**Your goal:** Your copy should start at the line with "Vídeo forte mostra" and end at the line with "Association of Rare" in the data below. Transcribe only those lines, exactly, pictures excluded.

**Task material:**
- - -

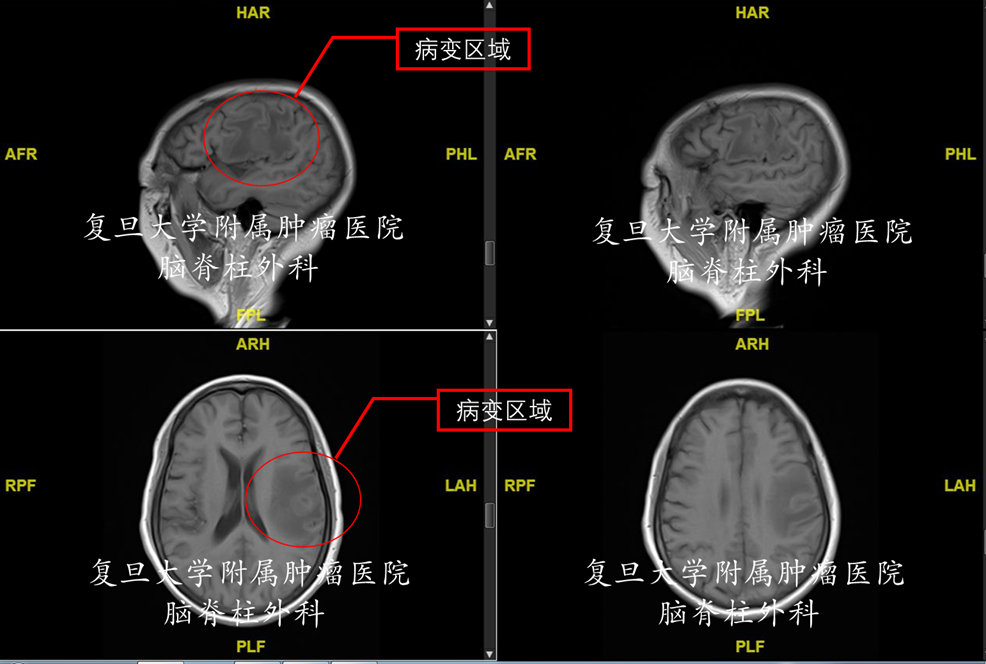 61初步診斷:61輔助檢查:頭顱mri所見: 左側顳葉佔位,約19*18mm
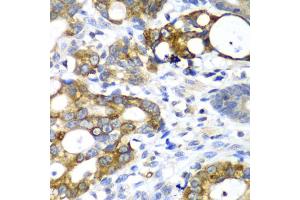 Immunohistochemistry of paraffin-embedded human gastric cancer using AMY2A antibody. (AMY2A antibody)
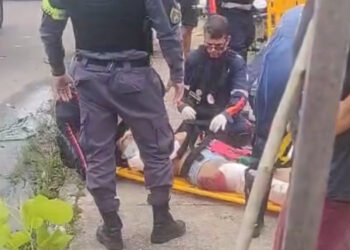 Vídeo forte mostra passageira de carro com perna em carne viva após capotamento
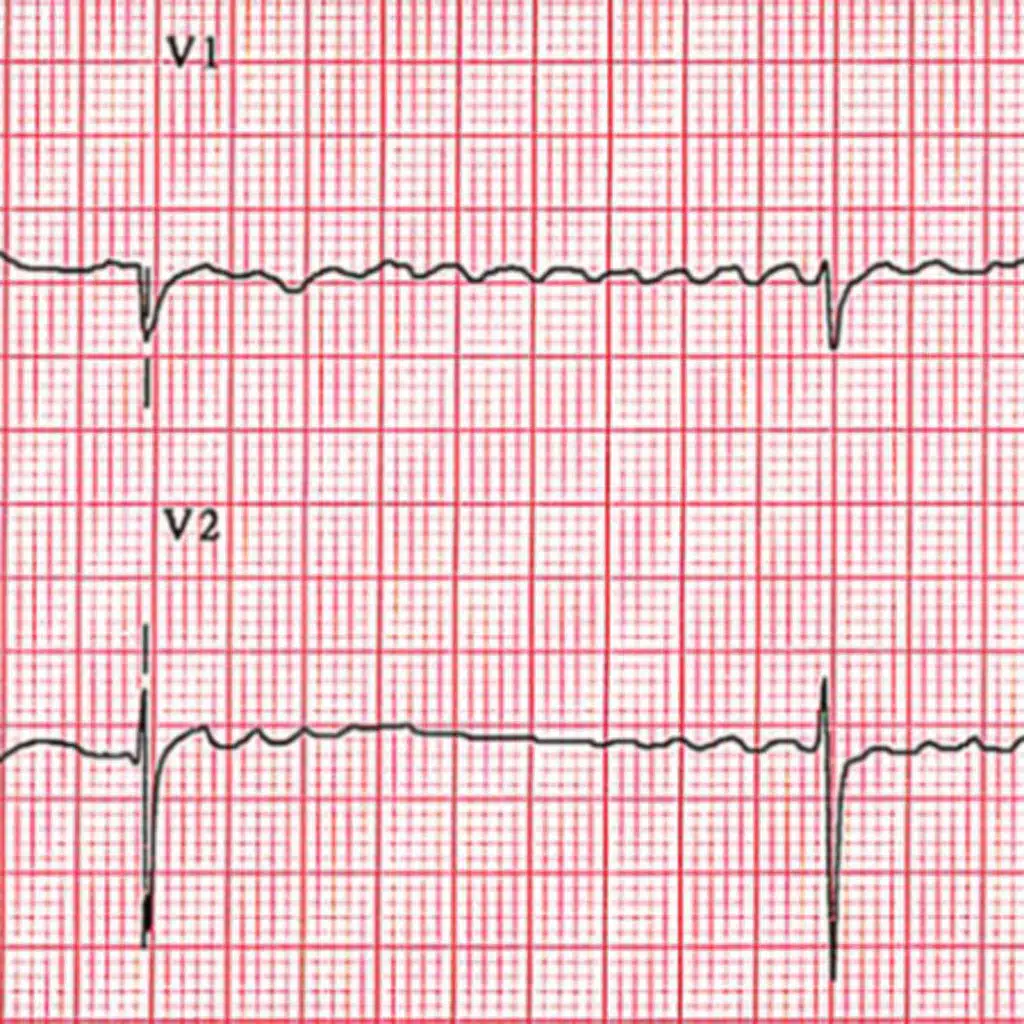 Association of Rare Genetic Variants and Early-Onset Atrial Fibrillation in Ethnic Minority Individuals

- - -

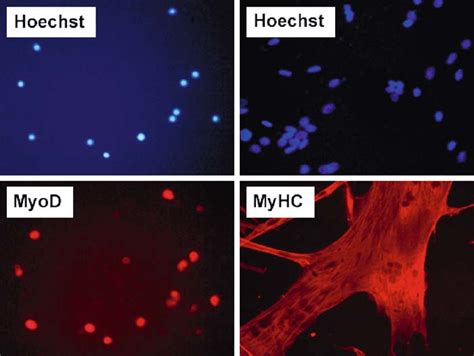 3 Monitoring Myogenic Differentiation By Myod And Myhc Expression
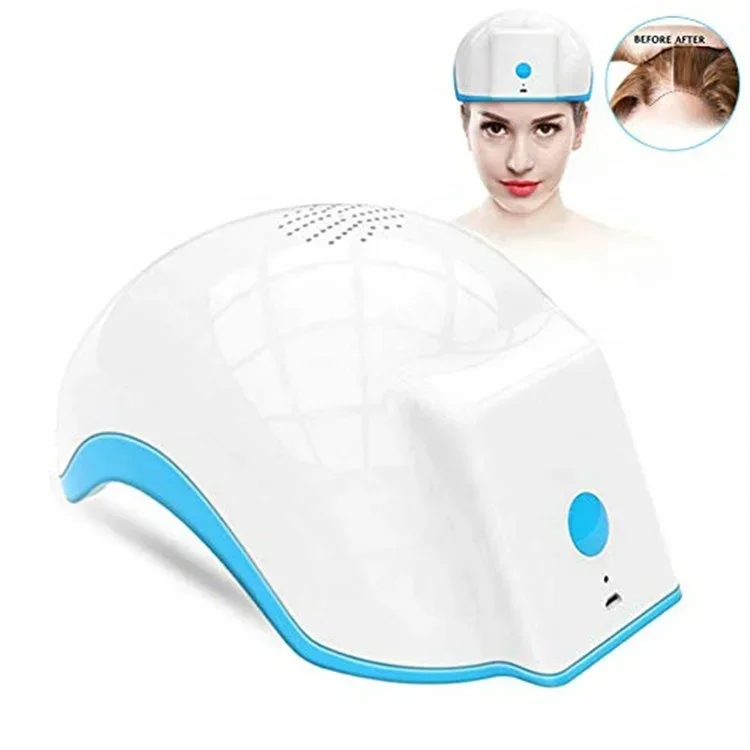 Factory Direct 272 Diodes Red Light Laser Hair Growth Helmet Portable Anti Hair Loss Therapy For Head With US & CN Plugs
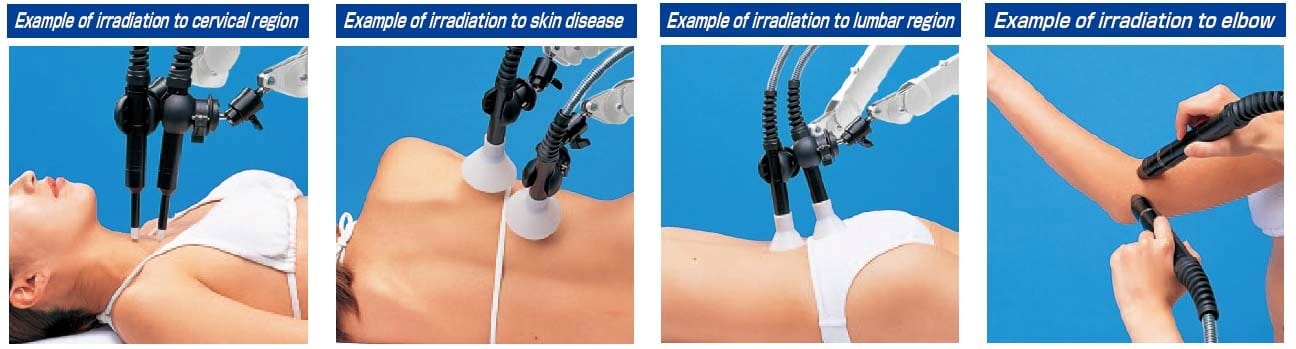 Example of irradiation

- - -

**Task solution:**
 Vídeo forte mostra passageira de carro com perna em carne viva após capotamento
 Association of Rare Genetic Variants and Early-Onset Atrial Fibrillation in Ethnic Minority Individuals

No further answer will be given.